### PROBLEM DESCRIPTION
For this exercise, copy exactly the lines below from the one with "Hitachi ZX 140 W-3 حفارات بعجل" through the one with "A square greeting" and leave out the pictures.
━━ DATA TO EXAMINE ━━
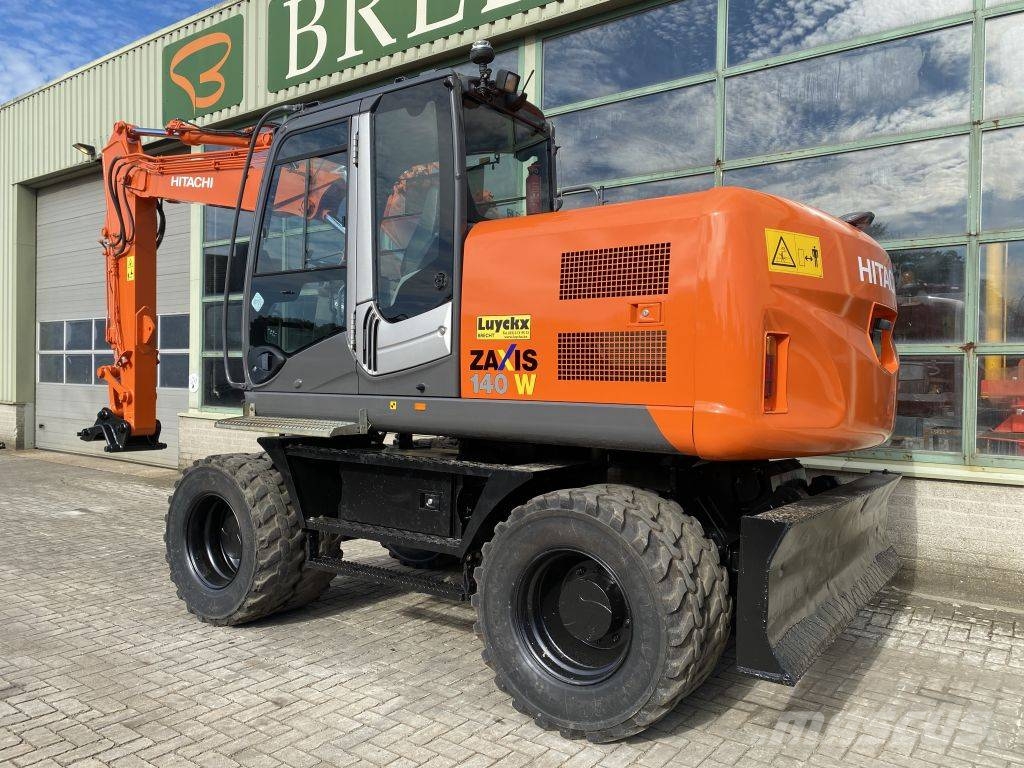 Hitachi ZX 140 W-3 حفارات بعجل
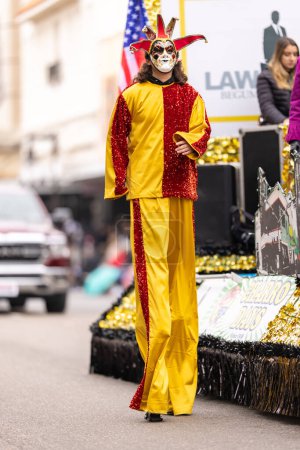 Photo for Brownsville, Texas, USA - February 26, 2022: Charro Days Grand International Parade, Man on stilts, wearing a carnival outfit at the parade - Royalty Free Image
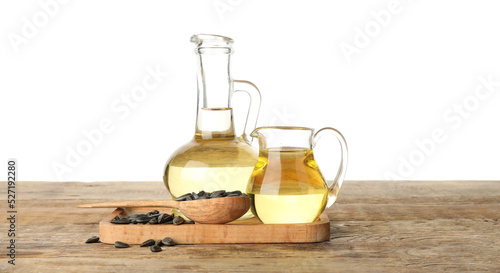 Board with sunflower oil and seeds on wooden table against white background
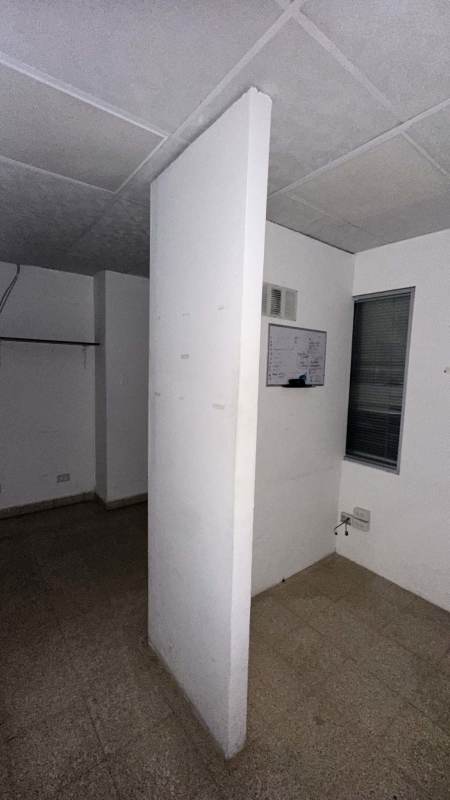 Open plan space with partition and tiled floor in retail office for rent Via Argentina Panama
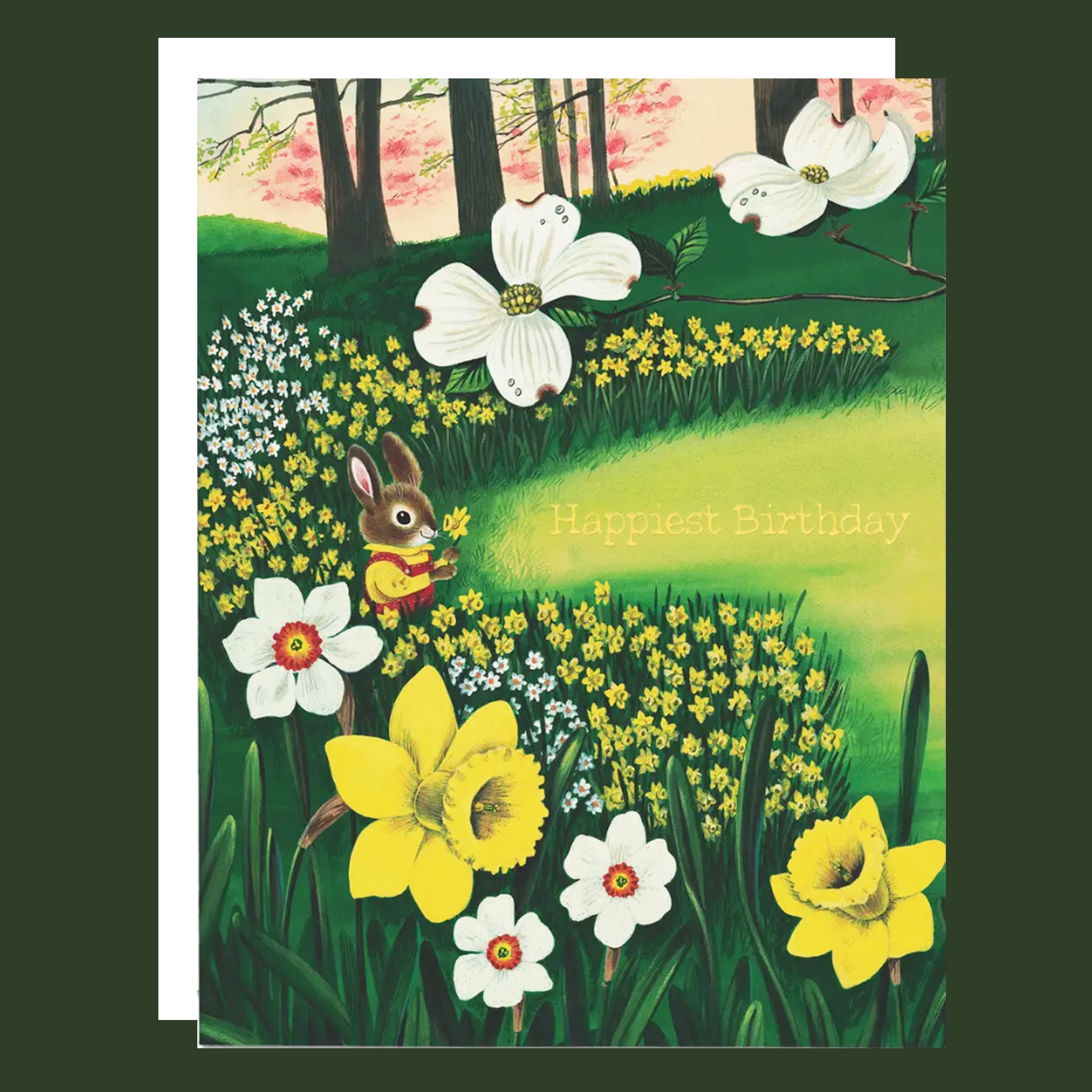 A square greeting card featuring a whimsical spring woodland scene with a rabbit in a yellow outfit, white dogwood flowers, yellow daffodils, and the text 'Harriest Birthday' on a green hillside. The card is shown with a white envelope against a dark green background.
━━━
━━ DATA TO EXAMINE ━━
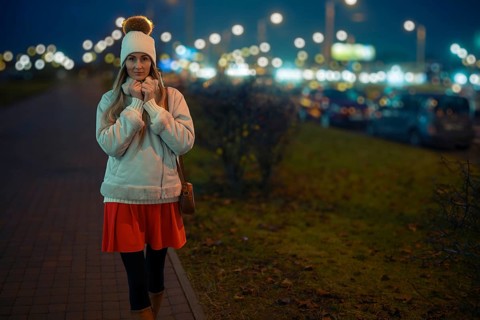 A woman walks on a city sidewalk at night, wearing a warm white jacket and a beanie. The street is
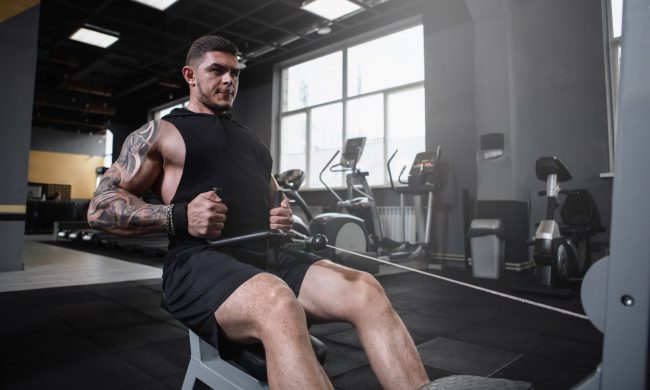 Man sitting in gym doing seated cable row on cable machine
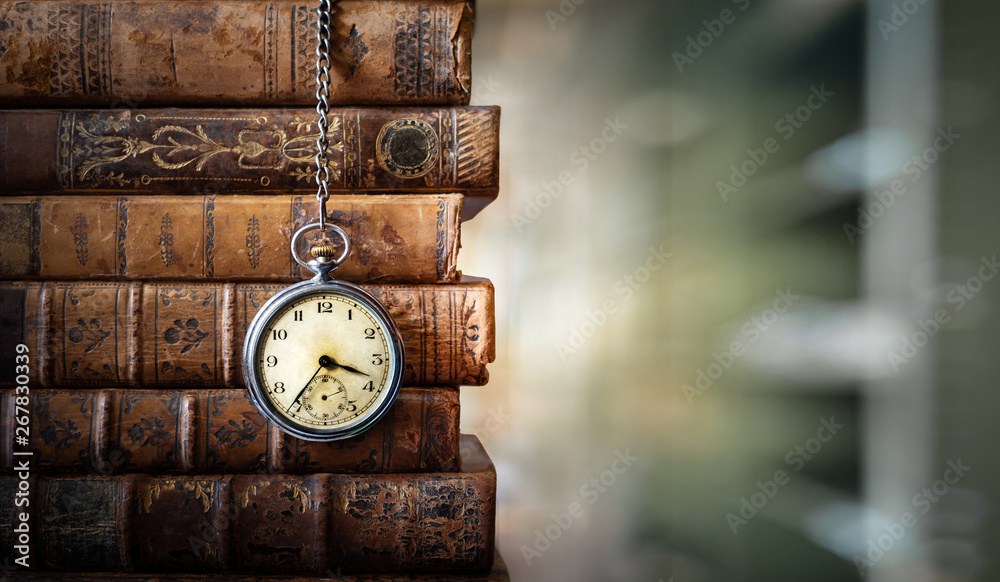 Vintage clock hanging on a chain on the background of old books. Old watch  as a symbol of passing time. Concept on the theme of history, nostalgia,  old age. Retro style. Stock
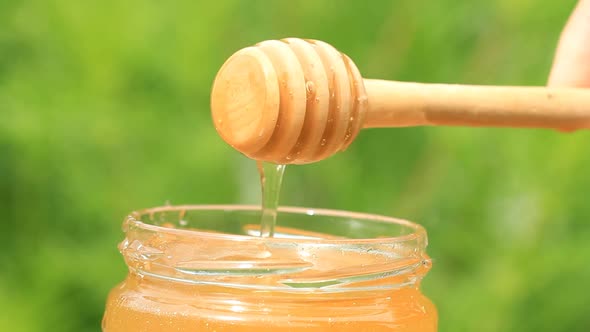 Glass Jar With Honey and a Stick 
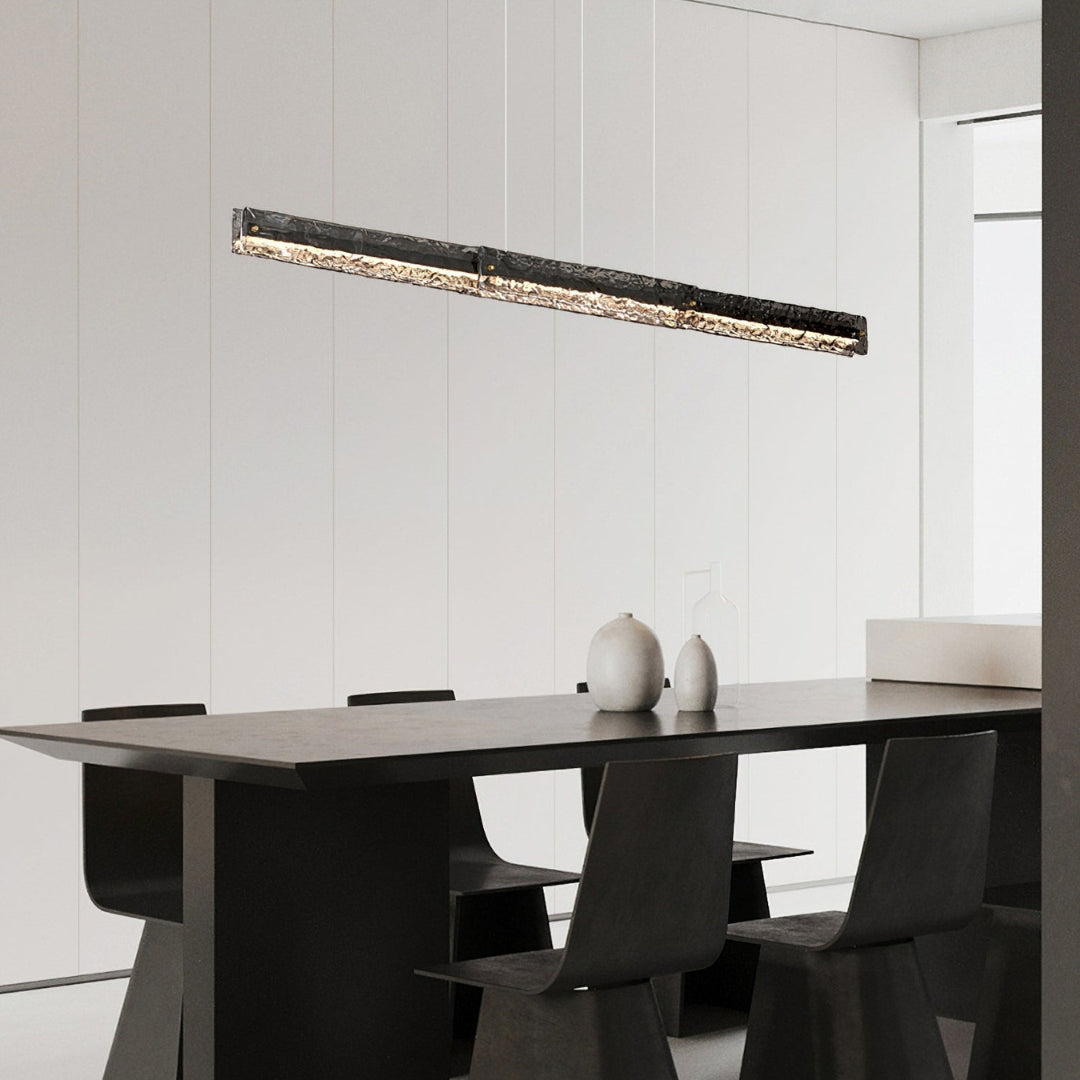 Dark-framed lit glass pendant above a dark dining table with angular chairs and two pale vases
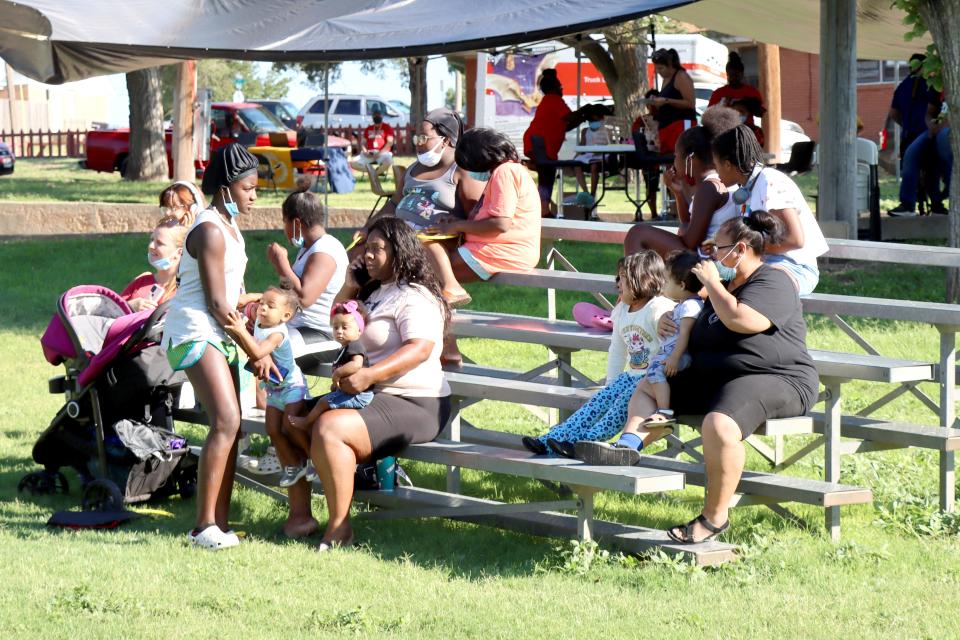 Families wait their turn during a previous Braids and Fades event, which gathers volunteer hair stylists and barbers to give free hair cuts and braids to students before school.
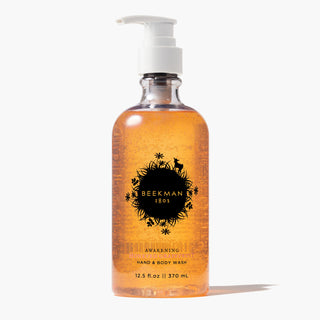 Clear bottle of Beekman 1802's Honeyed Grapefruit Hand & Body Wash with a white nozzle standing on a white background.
━━━
### RESPONSE TO THE TASK
 Hitachi ZX 140 W-3 حفارات بعجل
 Photo for Brownsville, Texas, USA - February 26, 2022: Charro Days Grand International Parade, Man on stilts, wearing a carnival outfit at the parade - Royalty Free Image
 Board with sunflower oil and seeds on wooden table against white background
 Open plan space with partition and tiled floor in retail office for rent Via Argentina Panama
 A square greeting card featuring a whimsical spring woodland scene with a rabbit in a yellow outfit, white dogwood flowers, yellow daffodils, and the text 'Harriest Birthday' on a green hillside. The card is shown with a white envelope against a dark green background.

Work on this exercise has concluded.